Correlated innovatons IRF

hi all
i have a question about the bayesian irfs that is produced by dynare when the structural innovations are correlated. are these irfs computed after the innovations are orthogonalized?


Dear Reuben,

You are right, look at the command
cs = transpose(chol(SS));
in the function stoch_simul.m of the Dynare code (c:/dynare/x.x.x/matlab).



Sorry to drag up an old thread, thought I’d give some advice to anyone else puzzled by Dynare’s handling of IRFs with correlated innovations.

If you want more sensible shocks, I suggest changing that line of stoch_simul.m to the following:

[tmpV, tmpD] = eig( SS );
cs = tmpV * sqrt( tmpD ) * tmpV';

The eigenvalue square root gives a much more intuitive result. (It will normally preserve zeros and orderings.)


Could you please explain the economic intuition behind your orthogonalization scheme?

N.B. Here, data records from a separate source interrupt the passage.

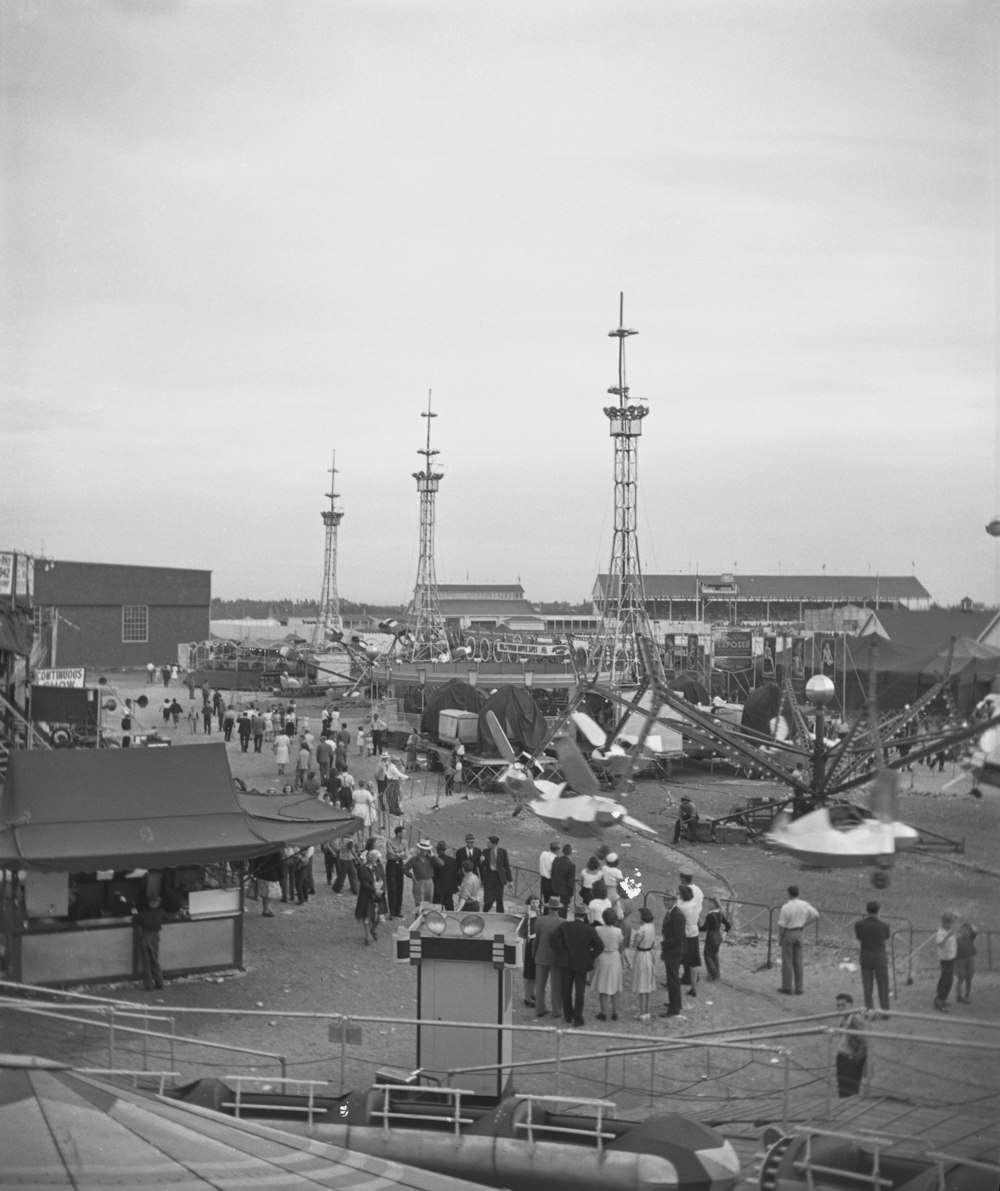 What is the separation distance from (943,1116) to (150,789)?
719 cm

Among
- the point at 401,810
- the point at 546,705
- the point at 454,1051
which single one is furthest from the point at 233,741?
the point at 454,1051

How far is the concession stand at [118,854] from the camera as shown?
9.93m

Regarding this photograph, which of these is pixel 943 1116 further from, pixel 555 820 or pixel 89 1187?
pixel 89 1187

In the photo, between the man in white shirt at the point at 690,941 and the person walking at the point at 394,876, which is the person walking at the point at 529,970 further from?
the person walking at the point at 394,876

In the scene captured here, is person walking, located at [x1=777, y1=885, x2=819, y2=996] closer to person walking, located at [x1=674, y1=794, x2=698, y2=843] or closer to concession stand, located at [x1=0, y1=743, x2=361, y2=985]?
concession stand, located at [x1=0, y1=743, x2=361, y2=985]

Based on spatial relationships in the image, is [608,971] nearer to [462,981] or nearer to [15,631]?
[462,981]

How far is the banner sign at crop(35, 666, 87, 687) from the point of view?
22456 millimetres

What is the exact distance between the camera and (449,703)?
25.9m

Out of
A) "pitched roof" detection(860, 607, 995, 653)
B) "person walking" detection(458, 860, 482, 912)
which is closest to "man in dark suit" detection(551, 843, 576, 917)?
"person walking" detection(458, 860, 482, 912)

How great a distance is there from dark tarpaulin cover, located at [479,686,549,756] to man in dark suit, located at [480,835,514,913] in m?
9.89

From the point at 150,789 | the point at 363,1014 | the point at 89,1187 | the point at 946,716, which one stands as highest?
the point at 946,716

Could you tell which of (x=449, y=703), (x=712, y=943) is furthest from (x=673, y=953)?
(x=449, y=703)

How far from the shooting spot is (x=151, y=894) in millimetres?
10695

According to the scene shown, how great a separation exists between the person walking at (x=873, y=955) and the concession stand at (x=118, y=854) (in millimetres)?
4775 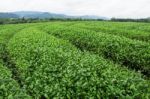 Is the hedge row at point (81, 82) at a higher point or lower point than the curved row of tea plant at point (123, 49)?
higher

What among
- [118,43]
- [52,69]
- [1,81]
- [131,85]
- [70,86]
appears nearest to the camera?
[131,85]

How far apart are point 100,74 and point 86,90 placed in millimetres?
1710

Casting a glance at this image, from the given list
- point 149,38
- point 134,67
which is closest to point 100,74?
point 134,67

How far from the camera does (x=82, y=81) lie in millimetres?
10016

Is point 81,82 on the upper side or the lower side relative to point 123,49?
upper

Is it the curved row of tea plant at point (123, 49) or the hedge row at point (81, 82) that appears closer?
the hedge row at point (81, 82)

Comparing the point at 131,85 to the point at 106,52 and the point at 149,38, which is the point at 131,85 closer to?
the point at 106,52

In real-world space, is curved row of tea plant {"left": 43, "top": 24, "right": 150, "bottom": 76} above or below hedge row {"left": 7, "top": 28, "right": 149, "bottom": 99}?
below

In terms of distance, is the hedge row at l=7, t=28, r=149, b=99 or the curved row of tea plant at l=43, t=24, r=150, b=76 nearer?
the hedge row at l=7, t=28, r=149, b=99

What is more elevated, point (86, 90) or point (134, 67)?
point (86, 90)

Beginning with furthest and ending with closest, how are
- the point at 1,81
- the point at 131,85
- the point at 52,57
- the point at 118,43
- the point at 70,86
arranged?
the point at 118,43 < the point at 52,57 < the point at 1,81 < the point at 70,86 < the point at 131,85

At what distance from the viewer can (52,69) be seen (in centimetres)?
1219

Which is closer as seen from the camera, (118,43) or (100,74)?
(100,74)

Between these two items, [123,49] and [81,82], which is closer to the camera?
[81,82] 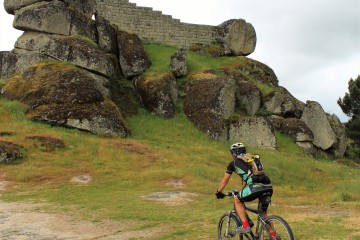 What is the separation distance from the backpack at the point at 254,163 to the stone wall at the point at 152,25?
4150 centimetres

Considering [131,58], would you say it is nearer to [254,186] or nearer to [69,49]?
[69,49]

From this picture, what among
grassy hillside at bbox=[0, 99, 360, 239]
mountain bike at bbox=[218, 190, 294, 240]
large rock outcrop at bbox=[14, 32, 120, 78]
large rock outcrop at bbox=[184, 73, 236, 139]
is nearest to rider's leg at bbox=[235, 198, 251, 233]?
mountain bike at bbox=[218, 190, 294, 240]

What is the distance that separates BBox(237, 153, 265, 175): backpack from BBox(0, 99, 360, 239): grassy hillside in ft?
10.0

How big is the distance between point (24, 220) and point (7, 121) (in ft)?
62.7

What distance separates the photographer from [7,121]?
32594 mm

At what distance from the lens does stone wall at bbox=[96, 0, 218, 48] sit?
4806 centimetres

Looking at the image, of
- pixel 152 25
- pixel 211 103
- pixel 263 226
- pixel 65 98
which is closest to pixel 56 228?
pixel 263 226

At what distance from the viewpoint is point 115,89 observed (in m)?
42.8

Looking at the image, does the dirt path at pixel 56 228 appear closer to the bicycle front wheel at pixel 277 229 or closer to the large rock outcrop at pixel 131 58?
the bicycle front wheel at pixel 277 229

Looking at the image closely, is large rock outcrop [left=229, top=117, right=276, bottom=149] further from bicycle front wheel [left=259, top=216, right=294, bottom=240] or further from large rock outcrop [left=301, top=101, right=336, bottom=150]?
bicycle front wheel [left=259, top=216, right=294, bottom=240]

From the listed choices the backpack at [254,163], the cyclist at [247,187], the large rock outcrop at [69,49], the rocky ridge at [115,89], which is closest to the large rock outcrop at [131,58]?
the rocky ridge at [115,89]

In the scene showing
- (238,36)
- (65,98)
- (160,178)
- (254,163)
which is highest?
(238,36)

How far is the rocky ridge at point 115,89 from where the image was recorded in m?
35.3

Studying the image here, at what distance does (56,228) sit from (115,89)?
2934 cm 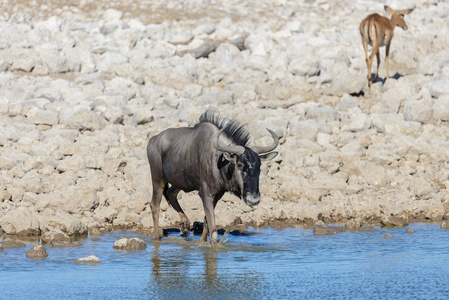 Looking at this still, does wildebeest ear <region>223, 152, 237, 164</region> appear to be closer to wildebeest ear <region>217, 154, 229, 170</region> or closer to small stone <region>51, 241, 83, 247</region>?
wildebeest ear <region>217, 154, 229, 170</region>

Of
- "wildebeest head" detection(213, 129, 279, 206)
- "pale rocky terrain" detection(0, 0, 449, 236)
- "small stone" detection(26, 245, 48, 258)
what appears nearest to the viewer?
"small stone" detection(26, 245, 48, 258)

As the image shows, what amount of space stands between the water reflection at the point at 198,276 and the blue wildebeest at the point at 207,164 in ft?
2.66

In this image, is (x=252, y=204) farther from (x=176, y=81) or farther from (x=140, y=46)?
(x=140, y=46)

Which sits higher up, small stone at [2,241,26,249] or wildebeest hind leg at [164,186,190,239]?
wildebeest hind leg at [164,186,190,239]

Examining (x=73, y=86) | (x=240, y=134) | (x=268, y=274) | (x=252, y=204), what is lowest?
(x=268, y=274)

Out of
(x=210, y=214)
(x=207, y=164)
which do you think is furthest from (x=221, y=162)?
(x=210, y=214)

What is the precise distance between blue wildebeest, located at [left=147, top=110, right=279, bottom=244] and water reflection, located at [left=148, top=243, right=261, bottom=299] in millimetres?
810

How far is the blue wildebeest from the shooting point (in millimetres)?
11602

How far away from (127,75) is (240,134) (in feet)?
34.8

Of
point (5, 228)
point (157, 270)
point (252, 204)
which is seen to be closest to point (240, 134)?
point (252, 204)

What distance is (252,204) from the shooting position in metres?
11.4

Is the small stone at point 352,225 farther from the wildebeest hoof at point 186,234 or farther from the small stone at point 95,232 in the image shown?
the small stone at point 95,232

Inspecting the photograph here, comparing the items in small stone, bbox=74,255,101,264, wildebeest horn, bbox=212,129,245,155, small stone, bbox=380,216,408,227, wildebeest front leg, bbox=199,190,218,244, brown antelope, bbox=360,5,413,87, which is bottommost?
small stone, bbox=74,255,101,264

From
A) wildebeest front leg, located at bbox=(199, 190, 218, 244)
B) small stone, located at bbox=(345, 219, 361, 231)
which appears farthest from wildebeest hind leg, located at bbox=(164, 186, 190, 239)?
small stone, located at bbox=(345, 219, 361, 231) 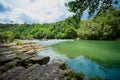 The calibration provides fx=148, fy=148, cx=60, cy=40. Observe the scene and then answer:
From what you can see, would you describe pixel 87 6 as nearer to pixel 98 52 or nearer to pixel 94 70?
pixel 94 70

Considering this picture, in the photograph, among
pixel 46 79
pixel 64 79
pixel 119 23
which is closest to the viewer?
pixel 46 79

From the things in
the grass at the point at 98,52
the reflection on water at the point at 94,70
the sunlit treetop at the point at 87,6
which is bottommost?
the grass at the point at 98,52

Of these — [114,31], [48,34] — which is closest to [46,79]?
[114,31]

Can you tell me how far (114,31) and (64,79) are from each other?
199 feet

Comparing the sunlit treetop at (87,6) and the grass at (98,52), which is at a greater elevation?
the sunlit treetop at (87,6)

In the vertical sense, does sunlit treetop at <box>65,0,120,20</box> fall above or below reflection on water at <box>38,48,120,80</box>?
above

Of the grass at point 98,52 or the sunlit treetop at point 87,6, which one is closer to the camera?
the sunlit treetop at point 87,6

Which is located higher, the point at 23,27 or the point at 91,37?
the point at 23,27

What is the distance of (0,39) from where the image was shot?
64812 mm

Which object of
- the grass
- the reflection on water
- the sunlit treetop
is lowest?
the grass

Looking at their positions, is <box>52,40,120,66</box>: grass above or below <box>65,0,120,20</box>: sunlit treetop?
below

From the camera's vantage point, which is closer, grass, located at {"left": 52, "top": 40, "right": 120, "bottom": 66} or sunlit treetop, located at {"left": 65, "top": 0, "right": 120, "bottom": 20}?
sunlit treetop, located at {"left": 65, "top": 0, "right": 120, "bottom": 20}

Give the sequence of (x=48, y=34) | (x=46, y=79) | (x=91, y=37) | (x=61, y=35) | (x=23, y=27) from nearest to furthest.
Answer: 1. (x=46, y=79)
2. (x=91, y=37)
3. (x=61, y=35)
4. (x=48, y=34)
5. (x=23, y=27)

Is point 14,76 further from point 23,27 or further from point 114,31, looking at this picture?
point 23,27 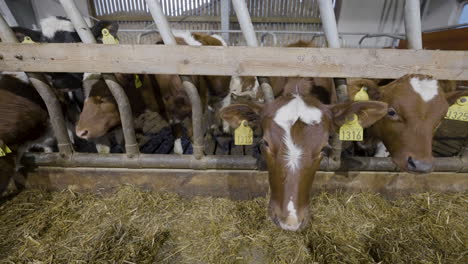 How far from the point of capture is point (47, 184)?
7.84 ft

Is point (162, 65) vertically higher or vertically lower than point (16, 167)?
higher

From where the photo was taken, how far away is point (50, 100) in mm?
2092

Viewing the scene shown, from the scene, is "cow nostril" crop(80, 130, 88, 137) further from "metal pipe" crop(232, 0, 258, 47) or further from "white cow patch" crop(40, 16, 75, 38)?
"metal pipe" crop(232, 0, 258, 47)

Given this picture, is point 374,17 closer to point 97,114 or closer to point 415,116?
point 415,116

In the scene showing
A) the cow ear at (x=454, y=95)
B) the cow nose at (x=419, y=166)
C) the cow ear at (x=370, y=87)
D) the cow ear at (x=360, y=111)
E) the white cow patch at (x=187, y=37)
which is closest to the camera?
the cow ear at (x=360, y=111)

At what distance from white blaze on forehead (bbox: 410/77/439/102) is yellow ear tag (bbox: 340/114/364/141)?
0.66m

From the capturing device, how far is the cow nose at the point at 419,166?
6.06 ft

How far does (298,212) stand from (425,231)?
143 centimetres

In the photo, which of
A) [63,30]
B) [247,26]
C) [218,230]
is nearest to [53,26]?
[63,30]

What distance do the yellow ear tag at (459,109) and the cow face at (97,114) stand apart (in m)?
3.32

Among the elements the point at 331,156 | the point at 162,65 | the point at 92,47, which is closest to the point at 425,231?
the point at 331,156

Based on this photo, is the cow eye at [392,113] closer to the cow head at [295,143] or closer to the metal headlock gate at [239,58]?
the metal headlock gate at [239,58]

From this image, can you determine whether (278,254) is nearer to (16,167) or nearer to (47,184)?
(47,184)

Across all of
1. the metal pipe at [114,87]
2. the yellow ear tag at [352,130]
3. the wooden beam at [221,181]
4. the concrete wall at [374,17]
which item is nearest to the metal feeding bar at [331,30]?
the yellow ear tag at [352,130] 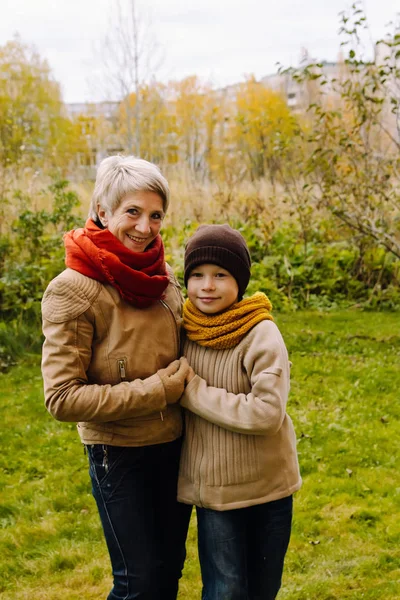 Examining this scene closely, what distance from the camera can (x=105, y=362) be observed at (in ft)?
6.49

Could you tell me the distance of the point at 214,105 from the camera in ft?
131

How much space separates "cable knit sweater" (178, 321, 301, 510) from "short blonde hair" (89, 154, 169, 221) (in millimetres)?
585


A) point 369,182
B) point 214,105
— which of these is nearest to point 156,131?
point 214,105

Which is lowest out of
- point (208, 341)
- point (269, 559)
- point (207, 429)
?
point (269, 559)

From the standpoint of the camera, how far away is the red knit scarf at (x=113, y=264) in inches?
77.4

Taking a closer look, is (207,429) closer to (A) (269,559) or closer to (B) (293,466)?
(B) (293,466)

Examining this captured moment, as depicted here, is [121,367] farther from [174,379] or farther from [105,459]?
[105,459]

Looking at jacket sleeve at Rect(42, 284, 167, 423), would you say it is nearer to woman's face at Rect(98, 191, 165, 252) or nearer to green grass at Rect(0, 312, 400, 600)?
woman's face at Rect(98, 191, 165, 252)

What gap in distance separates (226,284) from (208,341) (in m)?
0.20

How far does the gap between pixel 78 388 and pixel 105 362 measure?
0.13 metres

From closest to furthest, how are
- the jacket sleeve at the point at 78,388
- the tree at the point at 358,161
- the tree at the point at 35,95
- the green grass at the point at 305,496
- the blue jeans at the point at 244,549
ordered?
1. the jacket sleeve at the point at 78,388
2. the blue jeans at the point at 244,549
3. the green grass at the point at 305,496
4. the tree at the point at 358,161
5. the tree at the point at 35,95

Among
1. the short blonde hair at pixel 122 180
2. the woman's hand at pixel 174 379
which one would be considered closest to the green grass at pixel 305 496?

The one that is currently in Dynare is one that is frequently used in VAR analysis. You compute the effect of a first shock, then for each additional shocks that are correlated with the previous ones, you compute the effect of the shocks that goes beyond the effect already accounted by the correlation. Obviously the results depends on the ordering of the shocks, but the user can modify this ordering in the VAREXO statement.



Yes I know the VAR literature. These are quite different circumstances though.

In a VAR you have some unidentified shocks and you are trying to identify them. Here you have a range of already identified shocks (in some loose sense), which just happen to be correlated. To put it another way, in an unidentified VAR you have a shock that tells you nothing about the quantity you’re interested in, here though I am precisely interested in the effects of a shock that works through multiple channels simultaneously (to varying degrees). If I really wanted an equation to be affected by multiple shocks, but to know the effects of each shock on the equation independently, then I would just add all of those multiple shocks to the equation (rather than adding one correlated shock).

I don’t know what use-cases you have for people adding correlated shocks to DSGE models. I will tell you my particular one, perhaps it is the exception rather than the rule. I have a model with a continuum of industries (approximated at a range of discrete points), and each industry receives a specific shock, though industries close together receive correlated shocks. (Conditions are similar in industries producing similar products.) For concreteness you might think of these shocks across industries as being drawn from a Brownian Bridge for example (though in fact this is not the process I’m working with). There are two things I might be interested in learning. The first is the impact of a shock to one particular industry, without any corresponding shocks to other industries (despite the correlation structure). This would correspond to you taking IRFs at [1 0 0 0 …], [0 1 0 0 …] etc. The second is a representative shock to a given industry, which will always be accompanied by shocks to near-by industries due to the correlation structure. This corresponds to the code in my previous message.